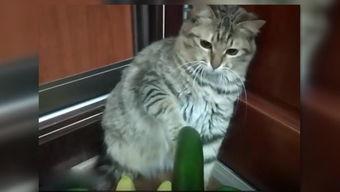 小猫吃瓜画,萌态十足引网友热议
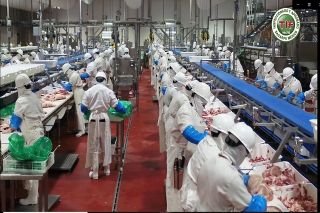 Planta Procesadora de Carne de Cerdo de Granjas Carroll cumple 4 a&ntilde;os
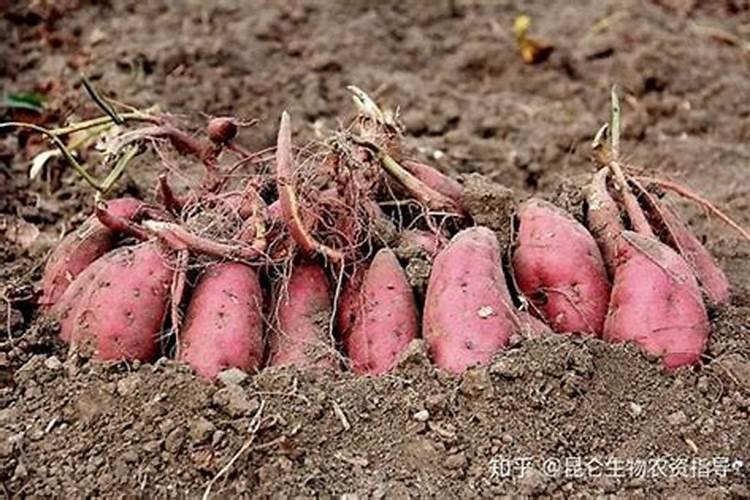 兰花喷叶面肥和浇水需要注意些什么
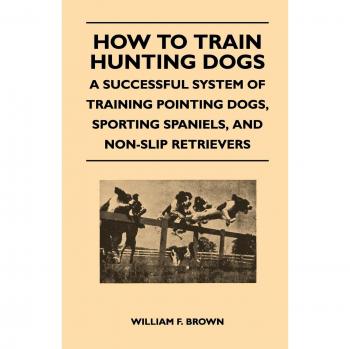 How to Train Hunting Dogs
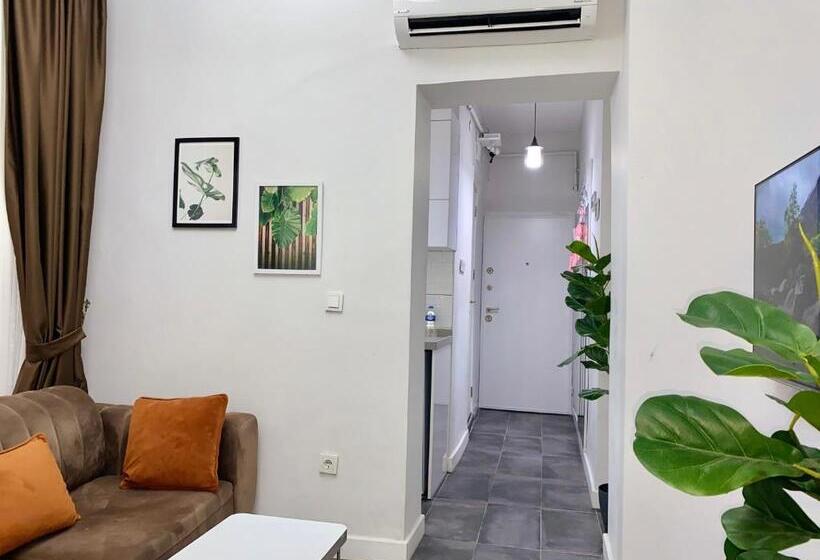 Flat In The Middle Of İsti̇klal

========================================================================

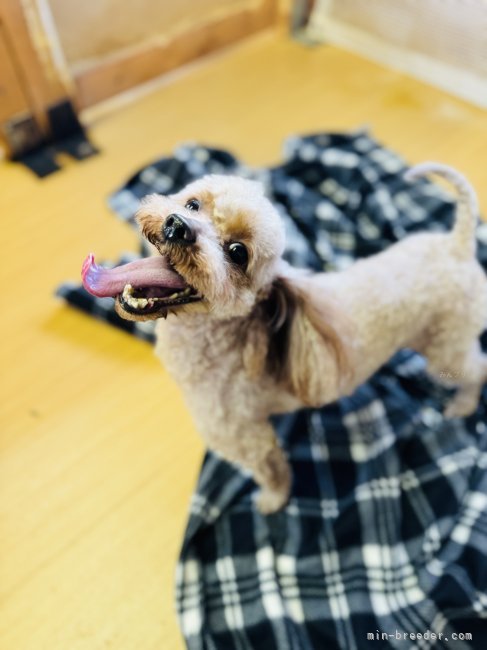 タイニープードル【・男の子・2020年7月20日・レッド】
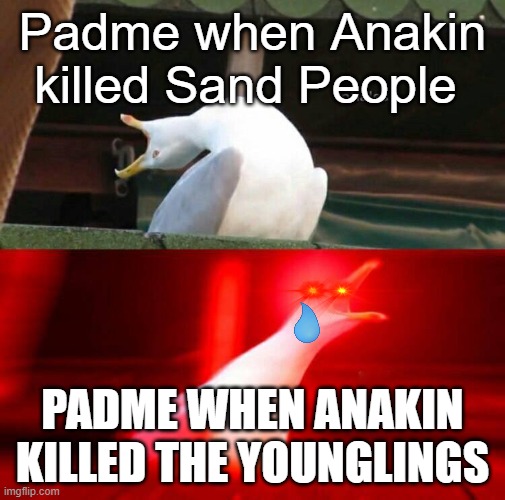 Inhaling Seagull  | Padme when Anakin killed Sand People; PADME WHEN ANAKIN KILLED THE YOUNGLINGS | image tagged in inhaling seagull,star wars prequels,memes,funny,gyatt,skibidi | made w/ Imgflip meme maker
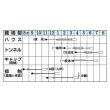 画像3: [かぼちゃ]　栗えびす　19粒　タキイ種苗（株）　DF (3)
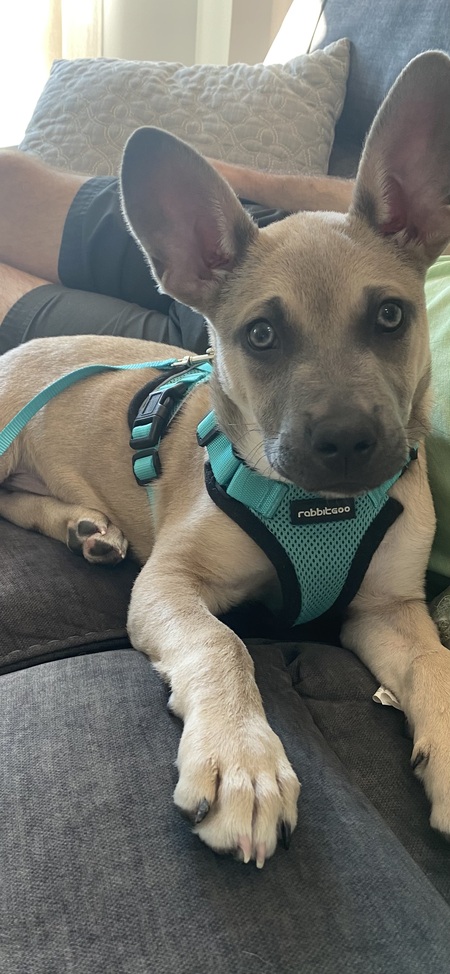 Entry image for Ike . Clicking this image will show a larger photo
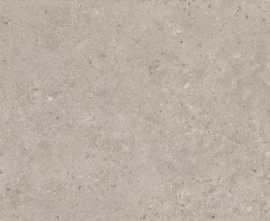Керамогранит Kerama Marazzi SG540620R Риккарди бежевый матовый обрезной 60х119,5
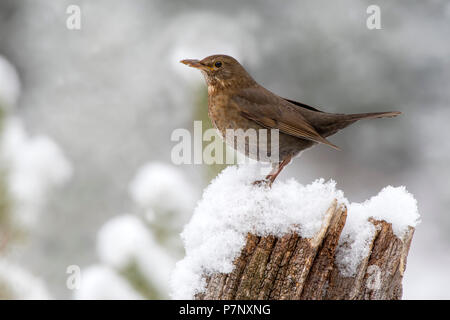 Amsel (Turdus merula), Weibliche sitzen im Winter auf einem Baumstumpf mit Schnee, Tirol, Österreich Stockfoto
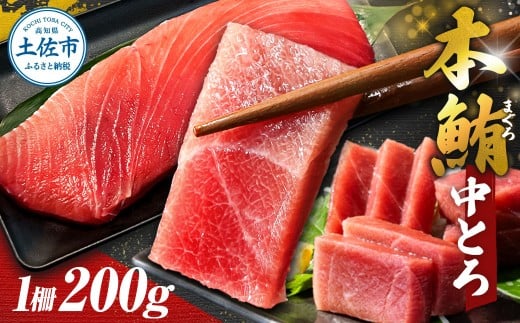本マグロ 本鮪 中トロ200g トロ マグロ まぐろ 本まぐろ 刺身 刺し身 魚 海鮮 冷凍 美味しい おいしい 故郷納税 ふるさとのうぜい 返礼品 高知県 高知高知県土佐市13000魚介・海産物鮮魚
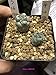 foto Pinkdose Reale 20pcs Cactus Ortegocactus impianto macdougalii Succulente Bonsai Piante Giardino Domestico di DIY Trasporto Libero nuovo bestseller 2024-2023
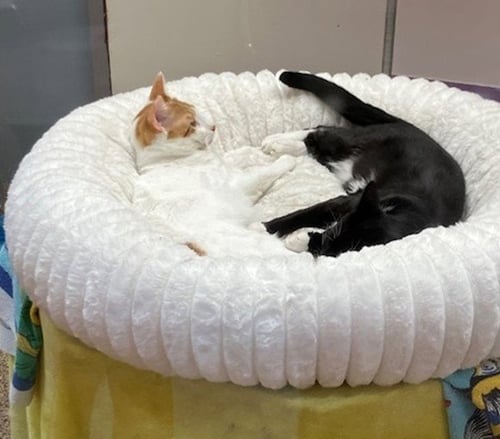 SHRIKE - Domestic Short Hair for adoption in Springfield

========================================================================

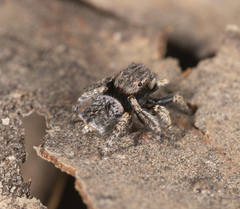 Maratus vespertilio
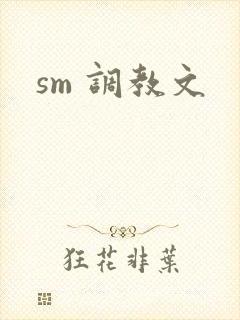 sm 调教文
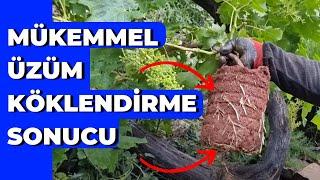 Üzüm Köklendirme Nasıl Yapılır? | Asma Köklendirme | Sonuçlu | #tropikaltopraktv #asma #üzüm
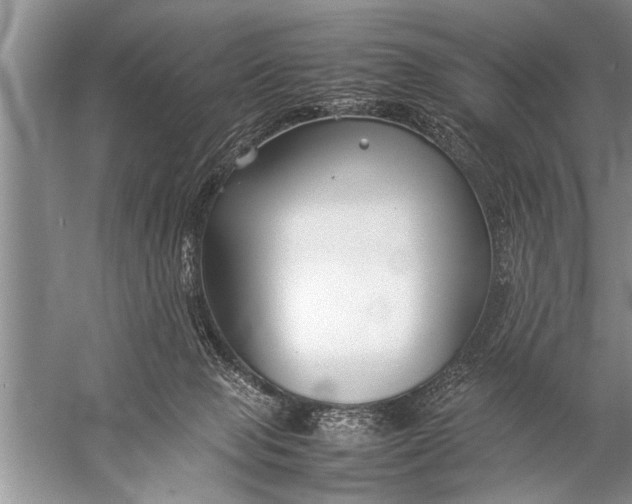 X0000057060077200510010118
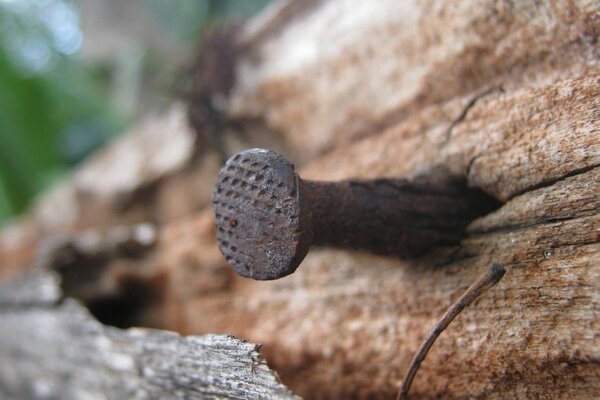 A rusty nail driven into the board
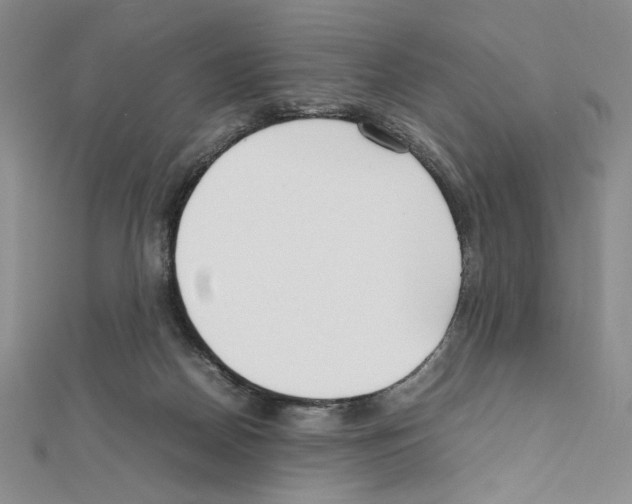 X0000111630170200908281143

========================================================================

Copy exactly the material above from the line with "Amsel (Turdus merula), Weibliche" to the line with "SHRIKE - Domestic", ends included, and nothing else. Leave out any picture.

* _Result of the task_
 Amsel (Turdus merula), Weibliche sitzen im Winter auf einem Baumstumpf mit Schnee, Tirol, Österreich Stockfoto
本マグロ 本鮪 中トロ200g トロ マグロ まぐろ 本まぐろ 刺身 刺し身 魚 海鮮 冷凍 美味しい おいしい 故郷納税 ふるさとのうぜい 返礼品 高知県 高知高知県土佐市13000魚介・海産物鮮魚
 foto Pinkdose Reale 20pcs Cactus Ortegocactus impianto macdougalii Succulente Bonsai Piante Giardino Domestico di DIY Trasporto Libero nuovo bestseller 2024-2023
 SHRIKE - Domestic Short Hair for adoption in Springfield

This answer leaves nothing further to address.